Context-aware AI needs two halves to work in production — institutional knowledge of how the business operates, and real-time context of current state. Most enterprise AI tools only solve the first.

Alex Kimball
Alex Kimball
Product Marketing
12 min read
A context-aware AI system reading from two halves of context — institutional knowledge from documents and historical data on one side, real-time context from live operational systems on the other

TL;DR: Context-aware AI needs two halves of context to work in production. Institutional knowledge, the static-ish memory of how the business operates, is well-served by retrieval augmented generation, vector databases, and tools like Glean. Real-time context, the live and coherent state of the systems the AI reasons over, is mostly unsolved. AI that answers questions can get by with the first half. AI that takes action needs both. The architectural gap that breaks production AI initiatives is rarely model quality. It is the inability to read fresh, internally coherent state at the moment a decision is made. :::

Context-aware AI is artificial intelligence that interprets a query against the surrounding situation: who is asking, what just happened, what the system knows about the world right now. Instead of treating each prompt as if it arrived in isolation, a context-aware AI system grounds its answers in the relevant facts of the moment rather than generic responses drawn only from a model’s training data.

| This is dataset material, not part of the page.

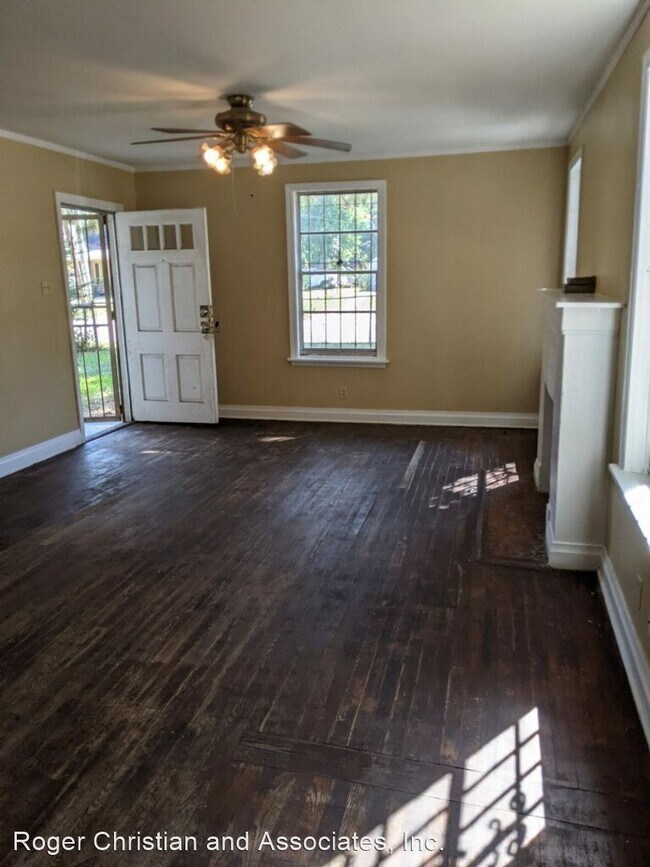 Foto del edificio - 3 br, 2 bath House - 3020 Midway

The challenge is that “context” comes from two structurally different places, and most enterprise AI tools only solve one of them. The first is institutional knowledge: documents, conversations, metric definitions, policies, and historical data that describe how the organization works. The second is real-time context: the current state of the systems the AI is reasoning over, including live balances, in-flight orders, fresh velocity counts, and what other agents and services have just done. Teams building context-aware AI today have made real progress on the first. The second is where production AI initiatives stall.

What Is Context-Aware AI?

Context-aware AI is an AI system that interprets each query against the broader situation, including the user’s intent, recent history, and the current state of the relevant systems. It produces answers, recommendations, or actions grounded in that situation rather than in the model’s training data alone.

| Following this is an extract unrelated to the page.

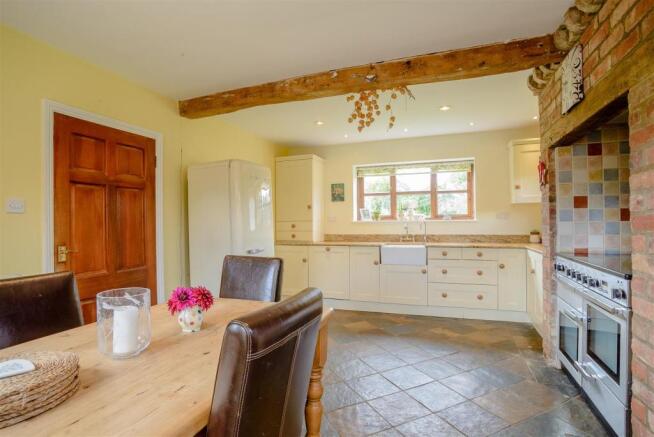 Kitchen/Breakfast Room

Most context-aware AI is built on top of large language models. The model itself does not know your organization’s policies, your customer’s account history, or what just happened in the last few seconds. The “context aware” part is everything wrapped around the model: a retrieval layer that pulls relevant information, a memory layer that maintains continuity across a conversation, an orchestration layer that decides what to fetch and when, and the data systems that hold the underlying truth. Context-aware AI builds on top of generative AI by giving it the ability to recognize what is relevant in the moment and act accordingly.

Without context, AI starts every interaction from scratch. It treats each query as if it has never seen the user before, never seen the data before, never seen the same question before. With context, the same model can interpret intent, understand relationships across the business, and synthesize insights against the actual reality of the organization rather than a generic version of it.

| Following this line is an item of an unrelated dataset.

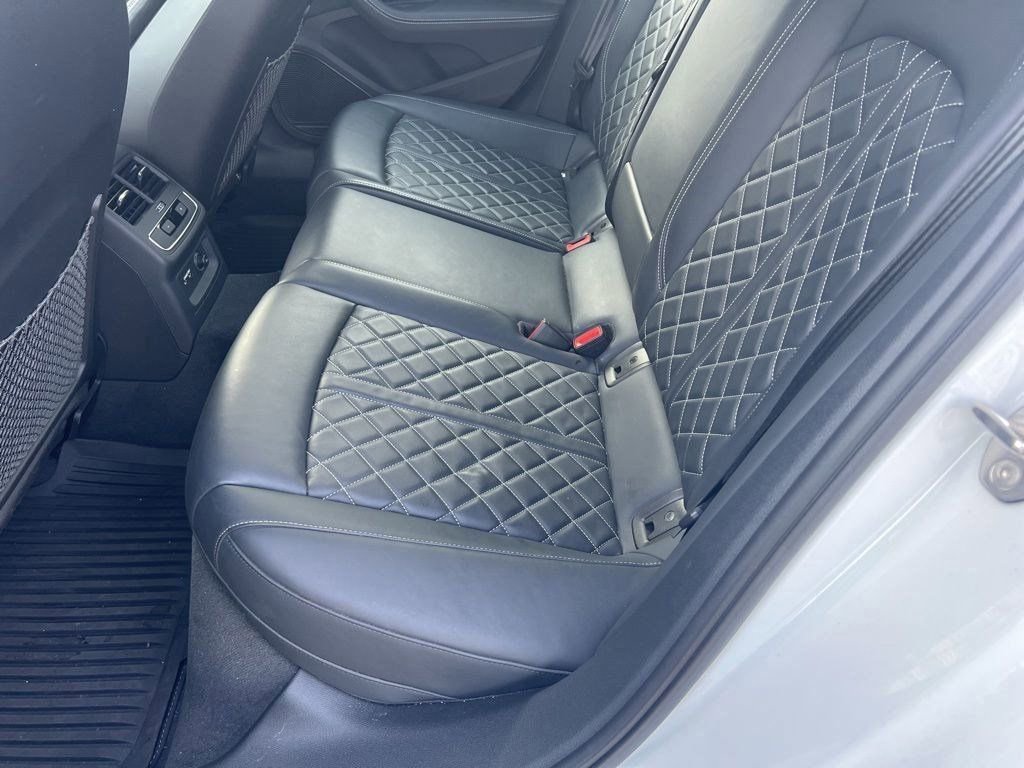 Used 2023 Audi S4 Premium Plus w/ Premium Plus Package image 8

How Most Context-Aware AI Is Built Today

The dominant pattern for context-aware AI in enterprise settings today is institutional memory. Give the AI access to the organization’s accumulated knowledge so it can answer questions, draft documents, and surface insights without forcing users to re-explain things from scratch. New employees onboarding ask the same questions that the last cohort asked. Product managers across different teams want the same metric definitions. Engineers want answers about systems that were built years ago by people who have since left. Context-aware AI built around institutional knowledge means the answer is in the system, the AI can find it, and nobody has to re-explain the same thing for the hundredth time.

This pattern is built on retrieval augmented generation, vector databases, knowledge graphs, and increasingly sophisticated indexing of enterprise data: code, documents, Slack threads, support tickets, design docs, runbooks, dashboards. The user asks a question in natural language, the system retrieves the relevant context from the corpus, and the model uses the retrieved context to produce an answer grounded in the organization’s own documents rather than the model’s pre-training.

For a large class of use cases, this works. AI tools that synthesize insights from internal documentation, answer questions about company policies, summarize past discussions, and maintain continuity of institutional knowledge across teams genuinely save time. The pattern is mature enough that several vendors (Glean, Notion, Microsoft Copilot, and others) compete to do it well.

Real-world examples of context-aware AI in this category: - An AI tool that answers questions about a deployment process by retrieving the relevant runbook - A research assistant that synthesizes insights from a hundred internal interviews into one answer - A code-aware AI that explains a function by retrieving the design doc and the related pull request - A support copilot that answers a customer question by surfacing similar patterns from past tickets - A sales AI that drafts a recap by pulling relevant information from CRM notes, email threads, and call transcripts

In each example, the surrounding context is essentially historical. The documents, discussions, and decisions already happened. The AI’s job is to find the relevant context, interpret the user’s intent, and produce an answer. The relevant data is at rest. The context window is the bottleneck. The retrieval pipeline is the engineering problem.

Where Institutional Knowledge Falls Short

This pattern works as long as the AI’s job is to answer questions. The moment AI starts to take action, whether approving a transaction, placing an order, routing a request, adjusting a price, or sending a message that commits the organization to something, institutional knowledge stops being enough.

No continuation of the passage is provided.